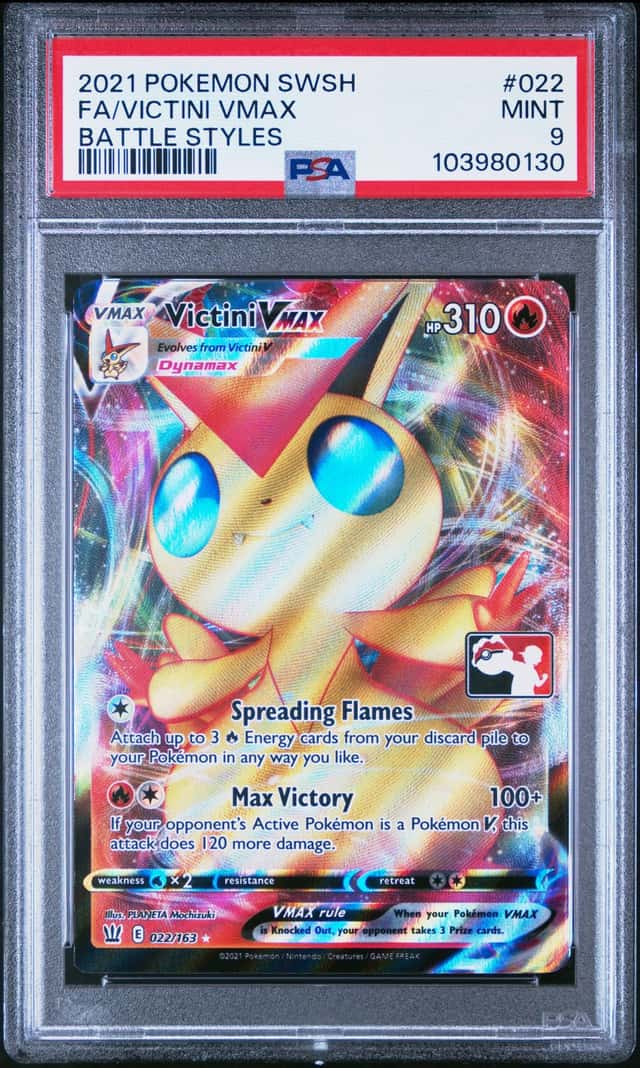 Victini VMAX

...

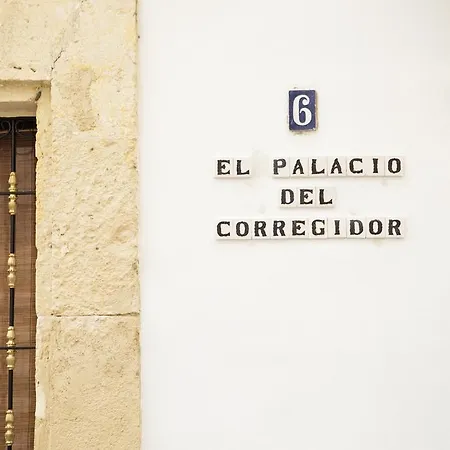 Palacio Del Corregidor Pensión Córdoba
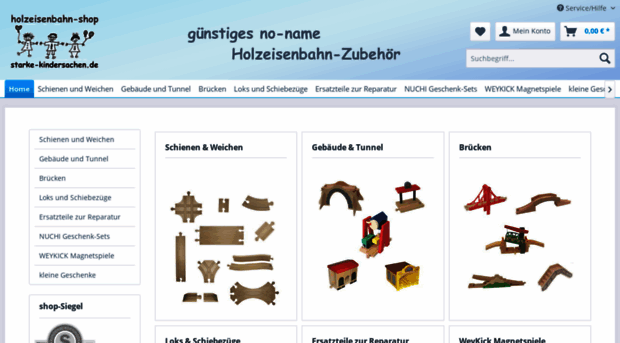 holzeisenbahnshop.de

- **Task brief**
What is wanted is an exact copy of the lines above from the one containing "Palacio Del Corregidor Pensión Córdoba" through the one containing "holzeisenbahnshop.de", with no pictures in it.

- **Exercise answer**
 Palacio Del Corregidor Pensión Córdoba
 holzeisenbahnshop.de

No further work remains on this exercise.